La toilette – questions de soin et de sens

Le livre La toilette, un art soignant revient sur le thème des soins au corps, autrement appelés soins d’hygiène, soins de nursing, ou encore toilette. Il comprend trois parties : des articles de fond, par Michel Dupuis et Dominique Friard, des choix de textes autour des questions de la pudeur et l’intimité, du rapport au corps, des sens et des émotions, ainsi que des entretiens avec deux professionnels et trois formateurs en soins infirmiers. Quelques extraits sont ici repris en lien avec les deux premières parties.

Extraits

Des soins qui ne vont pas de soi (Seli Arslan)

« La toilette réalisée auprès de personnes est au cœur des pratiques dans les établissements de soins, d’hébergement ou à domicile. Les soins au corps peuvent prendre des formes diverses selon l’état de la personne, son degré de besoin d’aide pour réaliser les gestes du quotidien, mais aussi en fonction de son souhait et du respect de cette volonté par les professionnels amenés à prendre soin d’elle. Pour une personne alitée qui ne peut plus assurer sa toilette par elle-même, celle-ci peut être complète au lit tel jour, ou aller à l’essentiel tel autre jour, à sa demande, le soignant auprès d’elle l’ayant interrogée sur ce qu’elle peut et veut encore faire. Pour une personne qui peut encore se mobiliser, il peut s’agir d’une aide partielle au lavabo.

Quelle que soit la forme précise qu’il prenne, ce soin s’effectue en présence, en proximité auprès d’une personne, conduite aujourd’hui, pour quelque temps ou pour toujours, à s’en remettre à un professionnel pour ce qu’elle avait pu parfois faire seule jusqu’à hier. Autant dire que nous sommes là dans l’essence de la relation de soin, de l’attention à porter à l’autre, de la communication à établir, depuis l’entrée dans la chambre en se présentant, en passant par l’explication sur ce qui va être réalisé, le recueil du consentement et des préférences, jusqu’aux paroles prononcées pour accompagner les passages du gant sur la peau, de partie du corps en partie du corps.

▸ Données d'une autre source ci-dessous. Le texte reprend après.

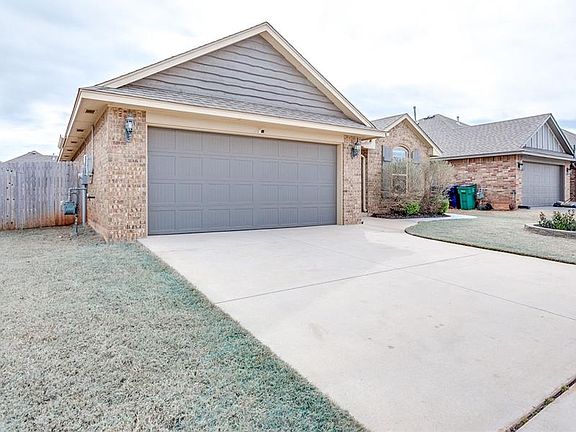 3rd image of 8812 SW 41st Ter
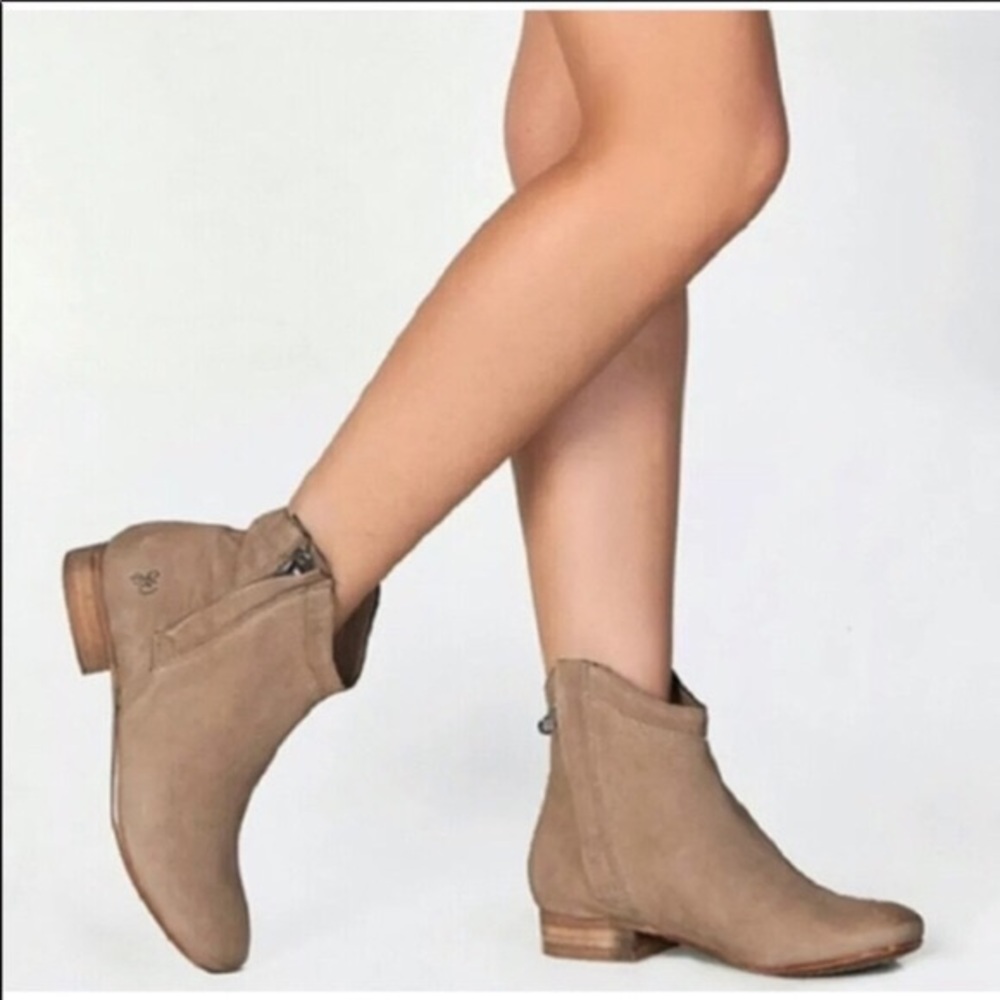 Sam Edelman tan Cody Boots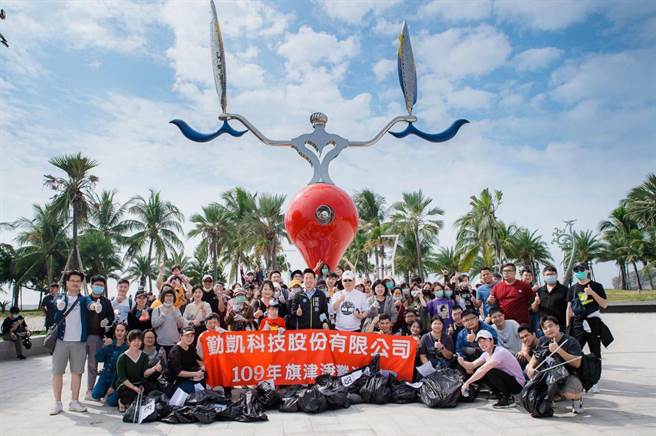 勤凱科技股份有公司5日在旗津海灘安排舉辦「員工淨灘家庭日」，共計清除500公斤沙灘廢棄垃圾。（鍾易仲提供／洪浩軒高雄傳真）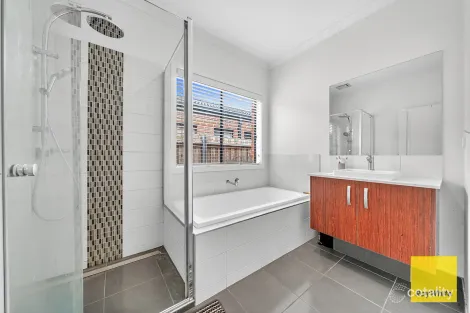 Property photo of 8 Ferneley View Aintree VIC 3336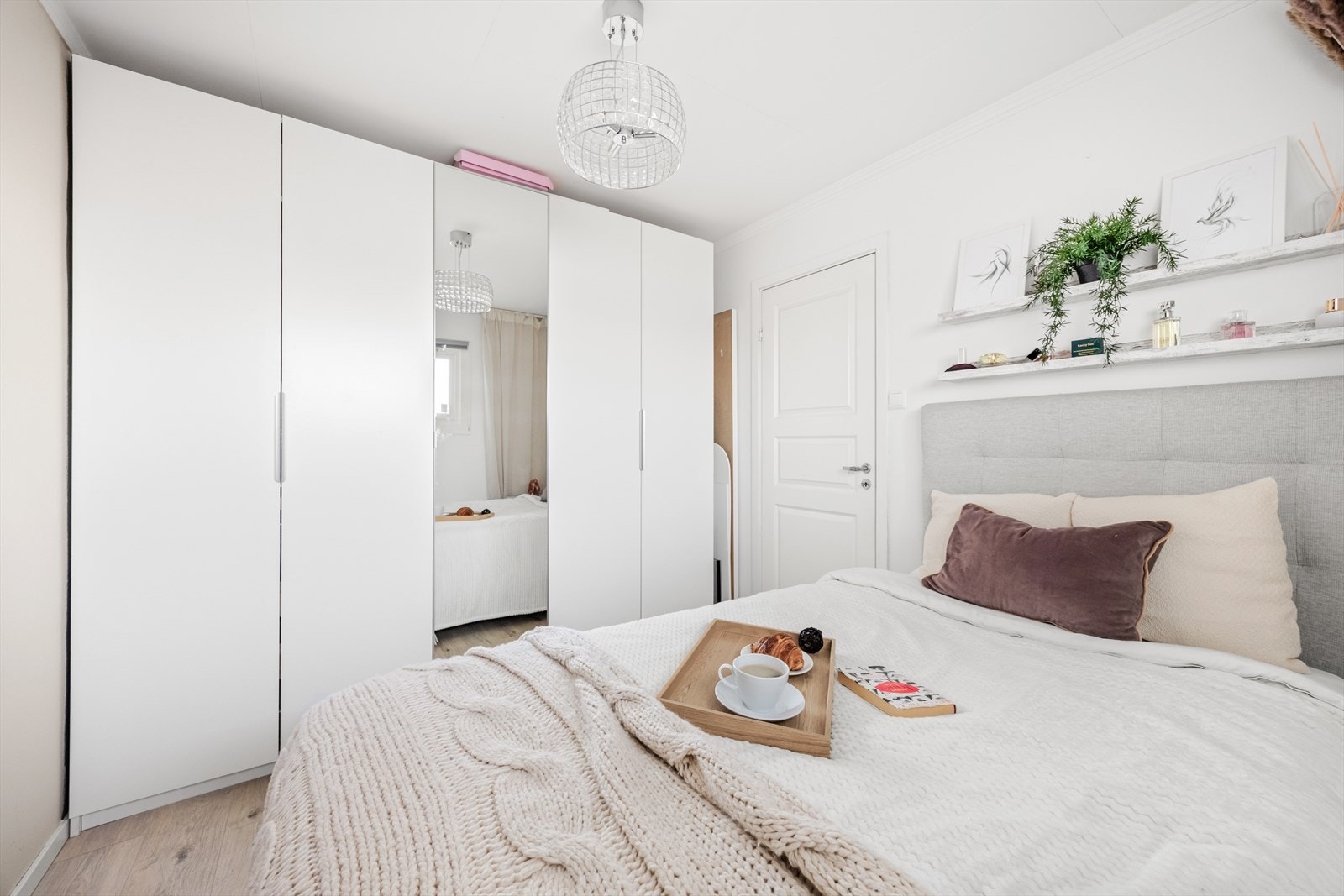 Begge soverommene har plass til stor seng, tilhørende møblement og stort garderobeskap med god oppbevaringsplass. Galleribilde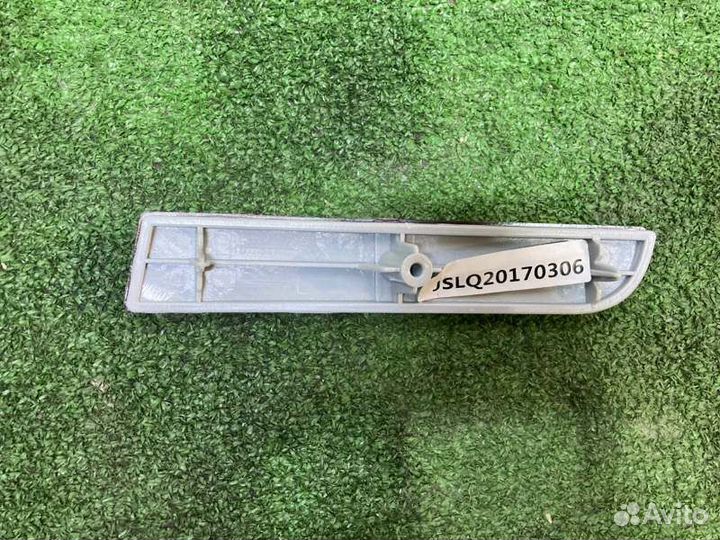 Отражатель задний левый Mitsubishi Lancer Cx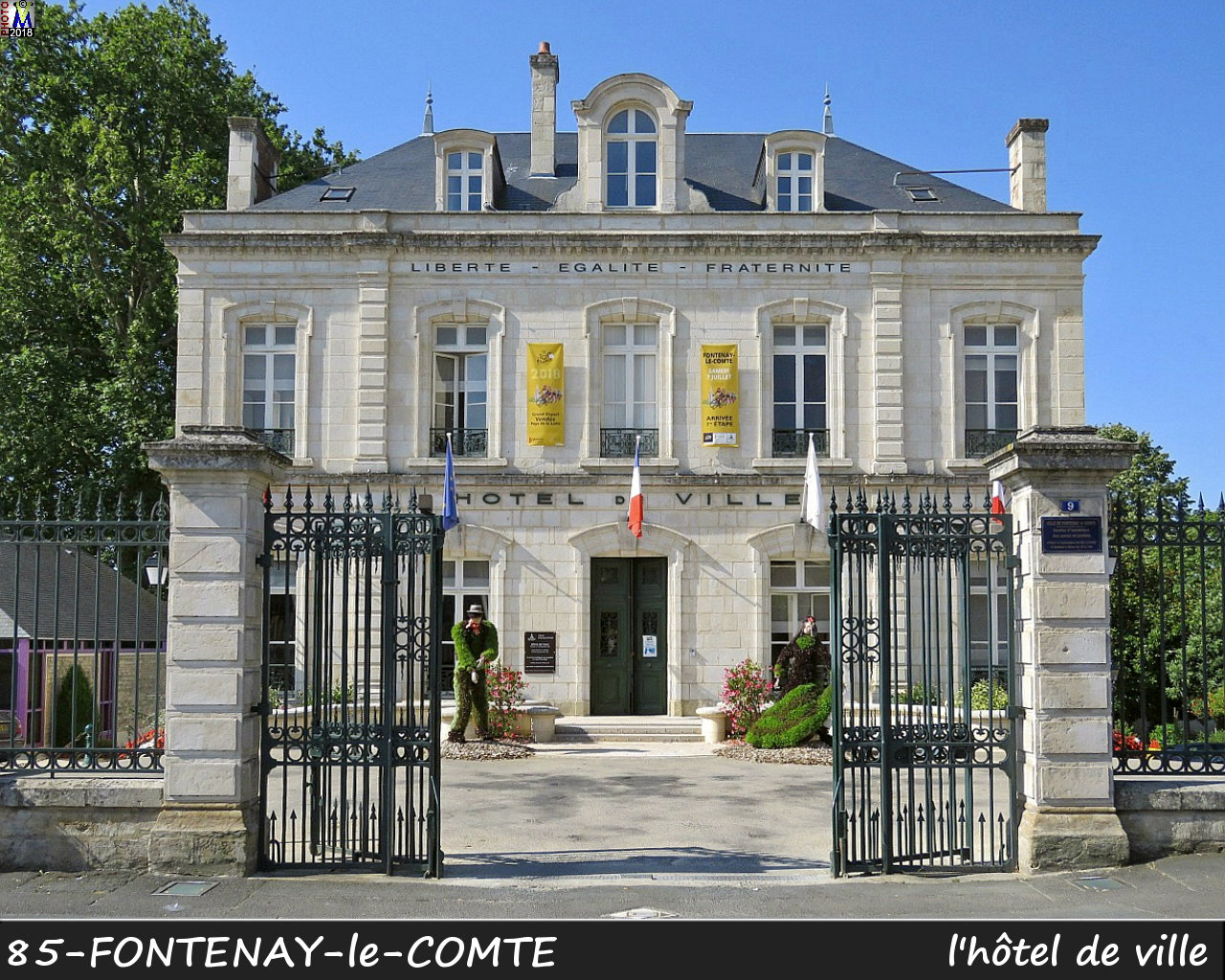 85FONTENAY-COMTE_mairie_1000.jpg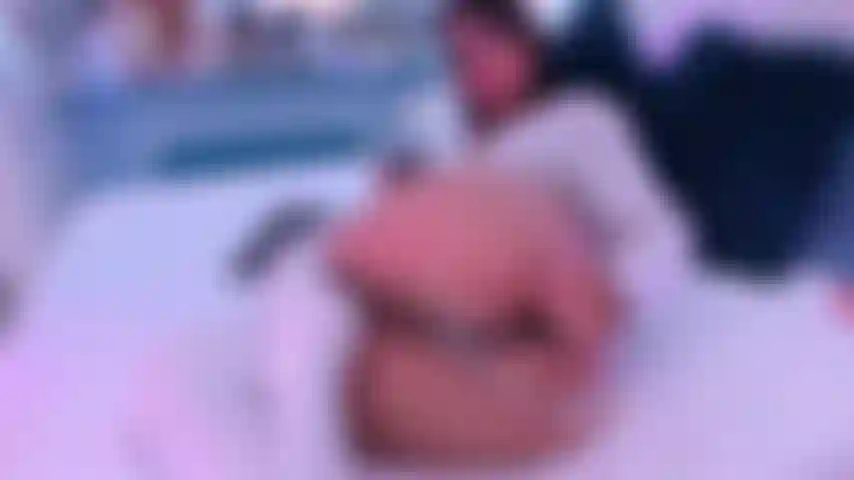 Tu veux voir un chat jouer avec sa queue au fond de lui ? Débloquez ce bon anal !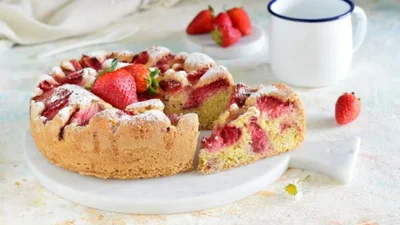 Простой клубничный пирог на День матери – подарок, который понравится всем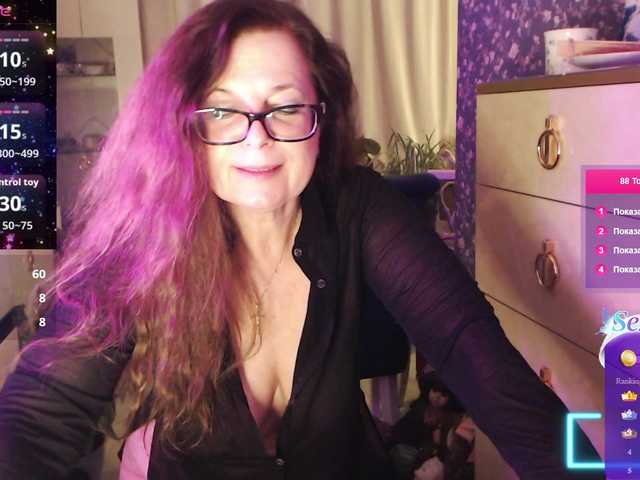 HelenBerg live cam on BongaCams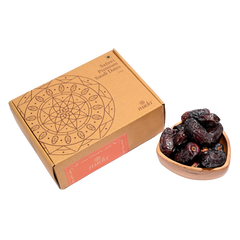 Safawi Dates Taste is smooth can be a great snack due to their high nutritional value. By incorporating them in your daily diet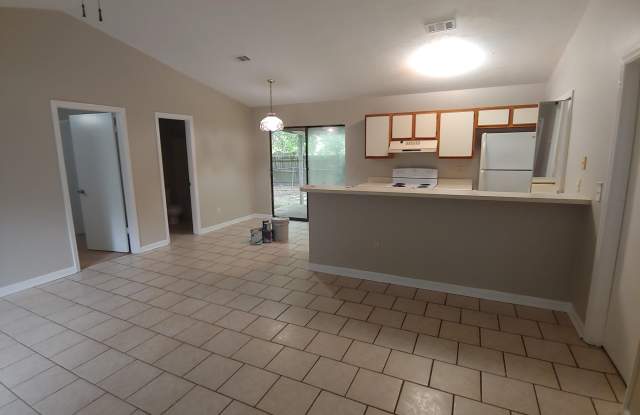 905 Tomahawk Court Gallery 4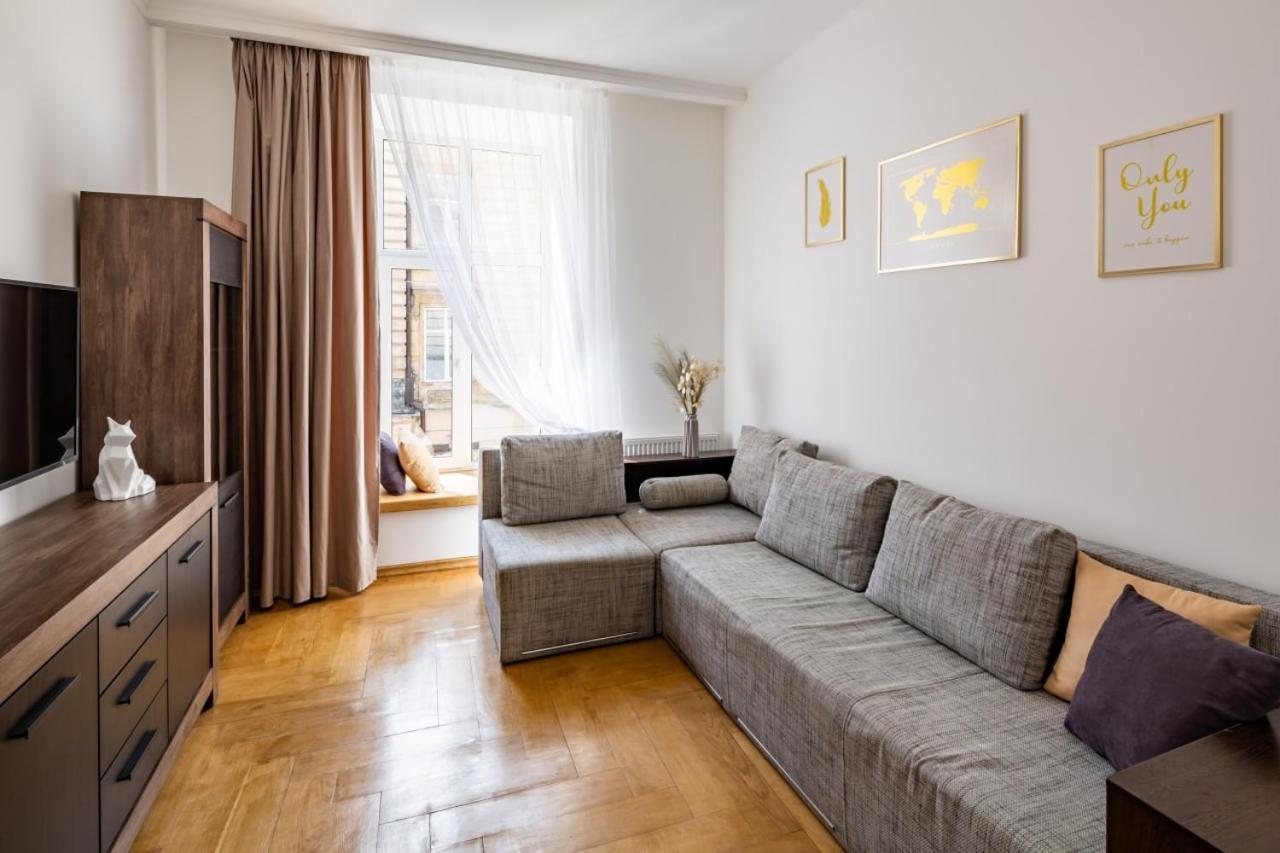 Three Bedroom Apartment On Rynok Square Lviv Exterior foto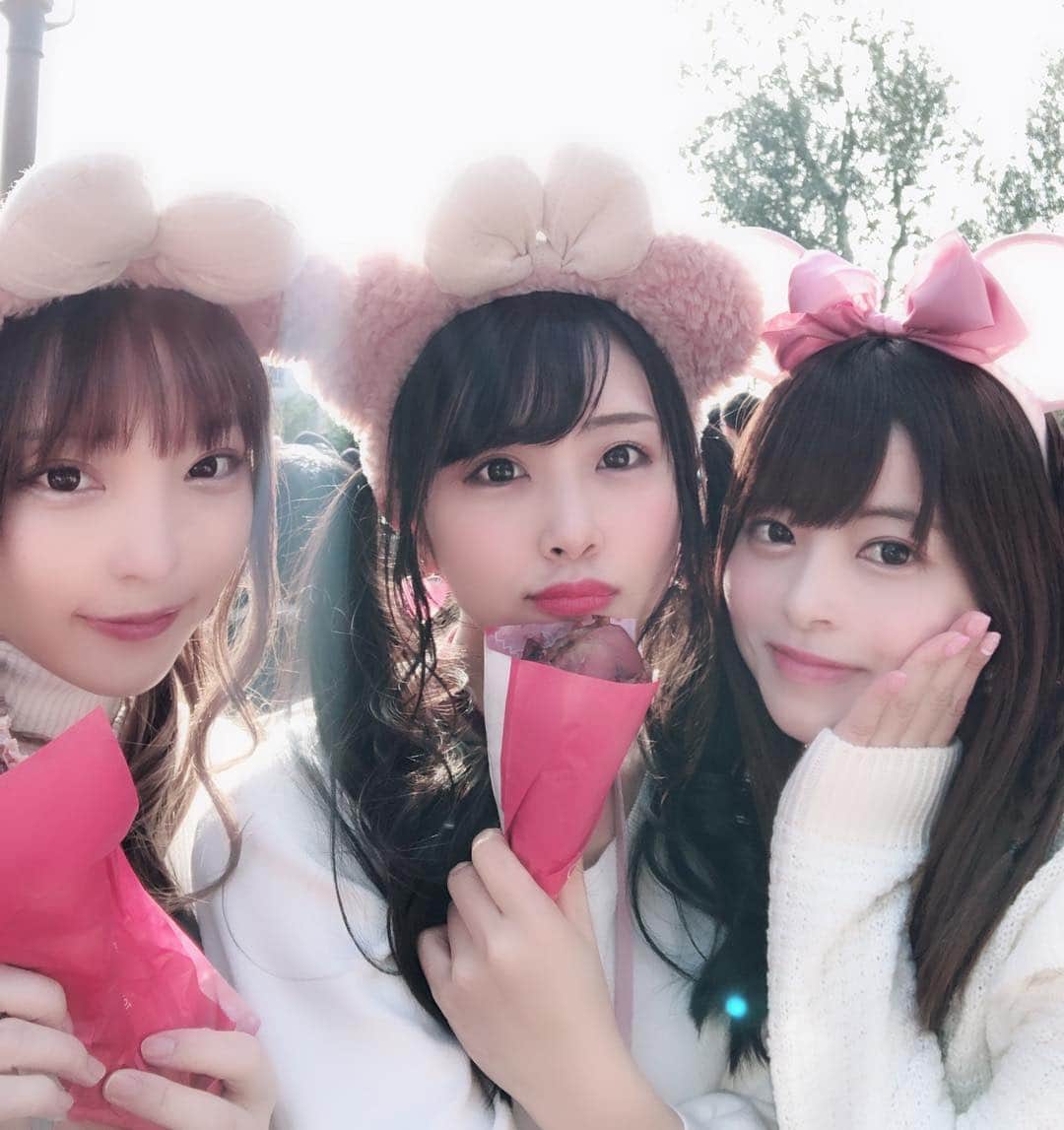 のインスタグラム：「おはくま🐻 . . #gw ３日目〜❣️ まいもこが夢に出てきた！会わなすぎてて寂しいからだっっ🥺🎈 . . #おはよう #gm #goodmorning #おはくま #日々の出会いに感謝 #バクステ外神田一丁目 #いっちょめ #アイドル #idol #일본 #아이돌 #アイドルボウラー #Pリーガー #プロボウラーになりたい #instagood #followme #夢 #kawaii #makeup #beauty #黒髪 #tdl #東京ディズニーランド #disneyland #🐭🏰 #まい #もこ #恵比寿マスカッツ #すきぴ」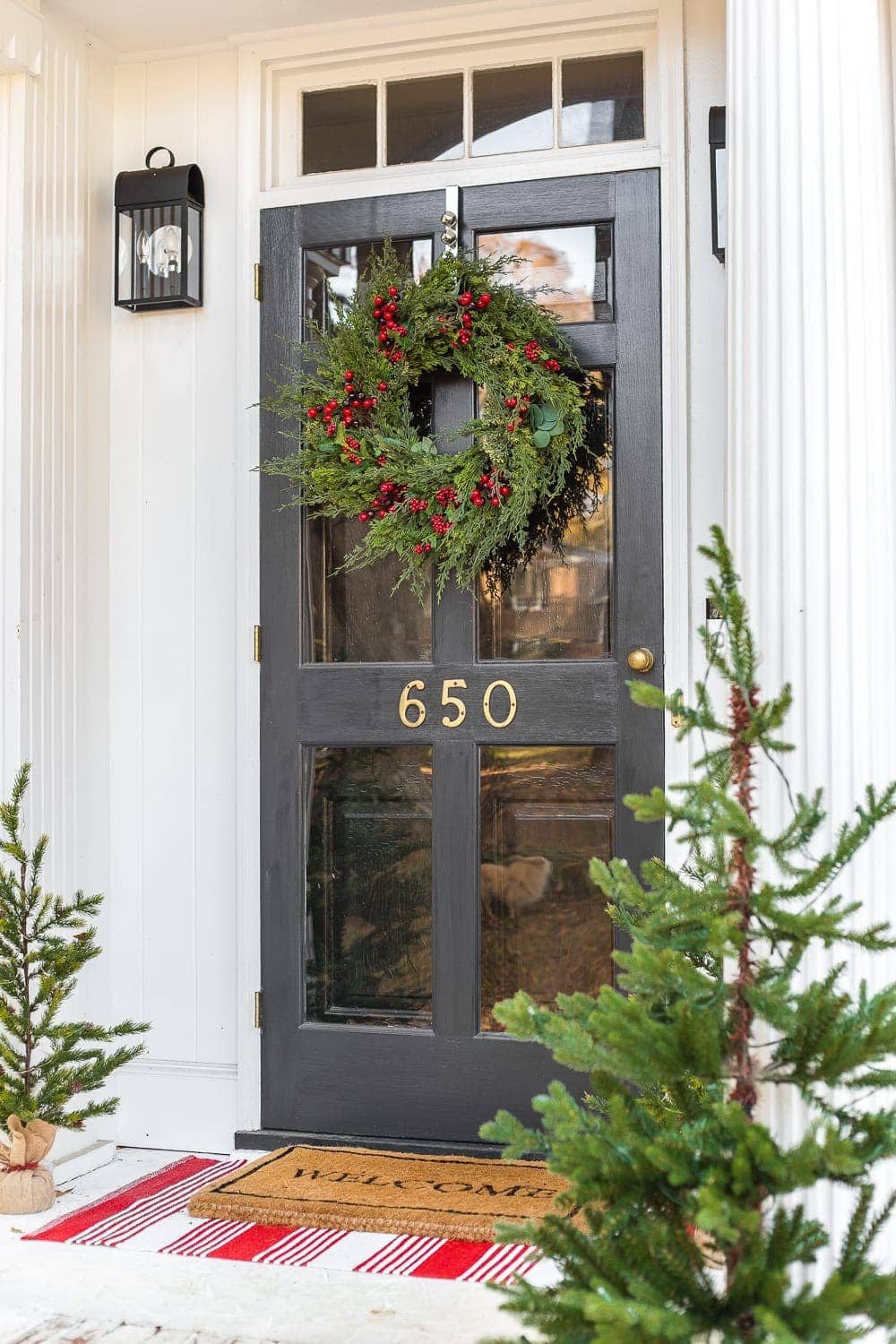 Colonial Christmas Outdoor Wreath Decor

La toilette renvoie ainsi au fondement de la relation de soin, mais aussi à son caractère asymétrique, entre une personne en position allongée et une personne en position debout, entre une personne vulnérabilisée par la maladie, l’âge ou l’accident et une personne censée être en bonne santé, dont c’est le métier d’aider autrui. Les soins au corps engagent de la sorte des positions, mais également des postures, à la fois corporelles et éthiques, puisqu’il s’agit bien là de prendre à bras le corps cet autrui affaibli, ou d’entrer en contact physique plus léger, mais toujours étroit, intime, pour laver, frotter, essuyer, tapoter, masser, effleurer. La personne aidée, soignée, pour sa part, est conduite à se laisser toucher, laver, essuyer, effleurer. Elle confie à cet autrui inconnu ou plus ou moins connu – en participant ou non – le soin de laver son visage, ses mains, son torse, ses jambes, ses pieds… jusqu’à son intimité. La toilette est ainsi affaire de confiance en cet autre qui n’a d’autre pouvoir, en ce moment précis et dans un agir éthique, que d’avoir soi-même un corps vaillant pour appliquer tous ces gestes de soins. […]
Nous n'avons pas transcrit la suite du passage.